Date with Disaster is a 1957 British second feature ('B') crime film directed by Charles Saunders and starring Tom Drake, William Hartnell and Shirley Eaton. It was written by Brock Williams. An innocent man becomes a suspect for a crime he did not commit.

== Plot ==
Miles is an honest car salesman, but his business partner Don and employee Ken are crooks. Don and Ken collude with professional criminal Tracey to break into a factory and steal £20,000 while Miles is away, using as their getaway vehicle a car they have "sold" to a fictitious buyer. Since Miles said he was away when the raid took place, the police suspect him as the perpetrator. When Don's behaviour becomes unpredictable, Ken kills him, takes his share of the loot, and kidnaps Miles's girlfriend Sue. Miles rescues Sue and clears his name.

== Cast ==
- Tom Drake as Miles
- William Hartnell as Tracey
- Shirley Eaton as Sue
- Maurice Kaufmann as Don
- Michael Golden as Inspector Matthews
- Richard Shaw as Ken
- Charles Brodie as Charlie
- Deidre Mayne as Judy
- Peter Fontaine as Sergeant Brace
- Robert Robinson as young man
- John Drake as Constable Wilson
- Robert J. Mooney as Sergeant
- Van Boolen as night watchman

==Production==
The film was made at Southall Studios in London. Location shooting took place around Southall and Chiswick. The film's sets were designed by the art director Herbert Smith.

== Critical reception ==
Monthly Film Bulletin said "A stereotypical and unremarkable small-scale thriller, with performances and direction adequate for the matter in hand."

Kine Weekly wrote: "Taut, handy-sized crime melodrama. ... There is plenty of action and a spot of popular romance to offset the rough stuff and its shrewdly chosen players, headed by Tom Drake, the American star, easily meet all acting and physical demands. ... The picture quickly gets down to brass tacks and resolute acting and direction keep the interest held. Tom Drake registers as the stolid, no-nonsense Miles, Maurice Kaufmann and Richard Shaw convince as crooks Don and Ken, William Hartnell is responsible for a neat cameo as Tracy, and Shirley Eaton pleases as Sue. The interiors and exteriors are adequate, and the climax hectic."

Picturegoer wrote: "Thankfully, the leading roles are handled with all seriousness and stoutly retread its worn, but by no means 'down to the canvas,' plot."

The Daily Film Renter wrote: "The photography is creditable and performances competent, apart from a tendency at times to overact.
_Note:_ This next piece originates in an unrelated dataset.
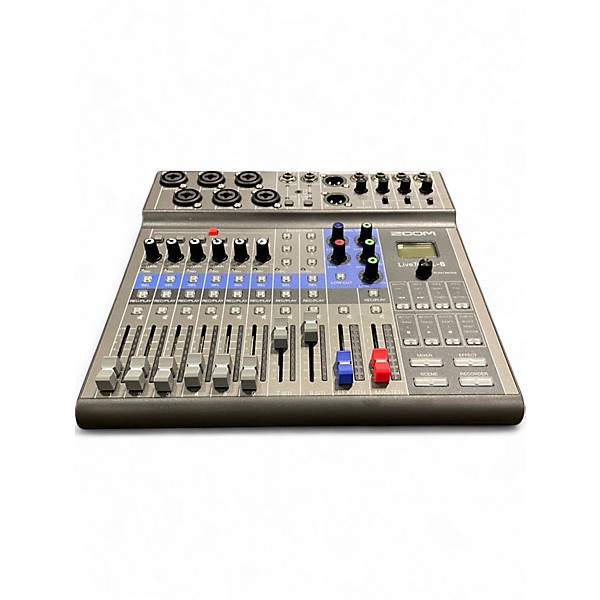 Used Zoom Used ZOOM Livetrak L-8 Unpowered Mixer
Pace ambles into a easy allegro and never quite reaches crescendo and there is a lack of development."

In British Sound Films: The Studio Years 1928–1959 David Quinlan rated the film as "mediocre", writing: "Follows a well-worn path."

The Cinema described it as "a very useful co-feature ... capable direction and well-handled suspense."